Aras Baskauskas: Survivor Winner Is Now a Singer-Songwriter
Aras Baskouskas, the grandson of soap opera star McDonald Carrey, won Survivor's Panama edition, which aired in 2006. He was 24 then -- he's now 31, lives with his girlfriend, model Christy Peterson, and has a career as a singer-songwriter.
But there have been a lot of adventures along the way. Having only practiced yoga for four months, he ventured to South Africa and opened his own studio, contracting with a local rubber factory to provide yoga mats. After paying off his father's mortgage, he used part of his million dollar Survivor winnings to start his own business -- a Los Angeles-based Russian winter hat company called Tundra Gear.
"I am not really good living with other people's parameters," says Aras Baskouskas says now, sitting outside One Life Natural Foods in Santa Monica.
His Survivor story began when he heard the show was casting from a friend. In the end, he was portrayed as a young, somewhat entitled, pretentious guy. He wasn't too thrilled about that, of course, but notes that the show actually forces you to survive, and it is a struggle. "It was the most gnarly 39 days I have ever had in my life.

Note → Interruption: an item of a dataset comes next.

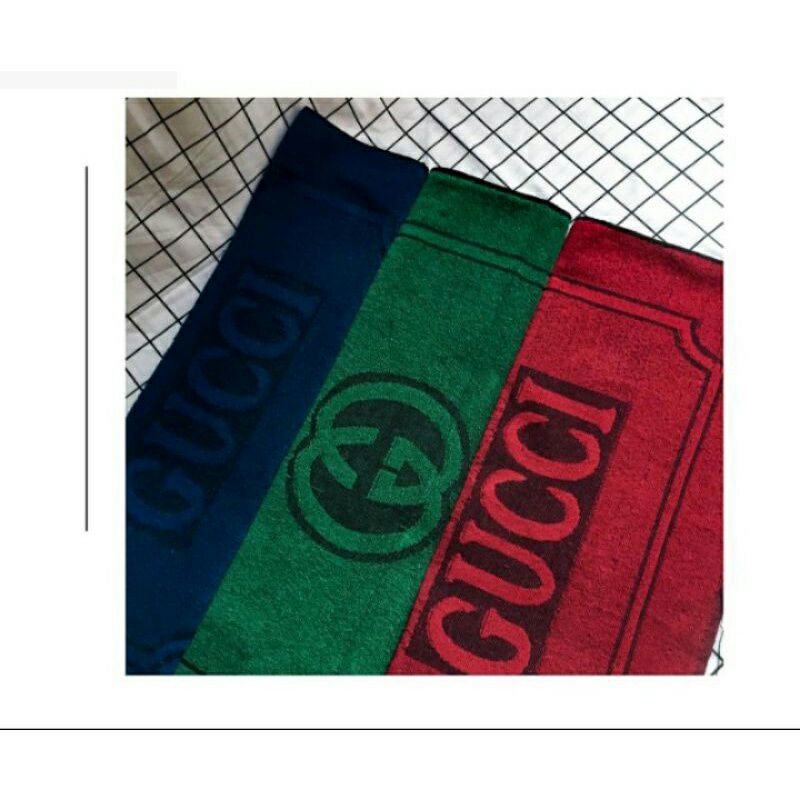 handuk gucci polos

I lost 35 lbs, you can't sleep, you don't eat, you don't get any water," he says. "What is worse is you can't trust anybody." He focused instead on making mutual beneficial alliances and that is, in the end, what helped him win.
Winning Survivor allowed Baskouskas to take the time to pursue his passions and discover new ones. While listening to Bob Dylan in the car one day he realized he wanted to learn to play music.
It wasn't the first time he'd felt this way. At age 7 he wanted to be just like Lou Diamond Phillips in La Bamba. When he received an electric guitar and an amp as a gift from his aunt he played it all day -- much to the dismay of his mother, who promptly made him exchange it for an acoustic. "I told my mother that wasn't rock n roll and there was no way I would play an acoustic guitar," he remembers.
This time, however, he bought an acoustic guitar along with a package of lessons, and made a six-month commitment to stick with it. "I think that was the key -- giving myself permission to be really bad," he says. "After about a month it started sounding like music." He now performs under the moniker "Odd Us," which serves partly as a phonetic guide to how his first name is pronounced in Lithuanian.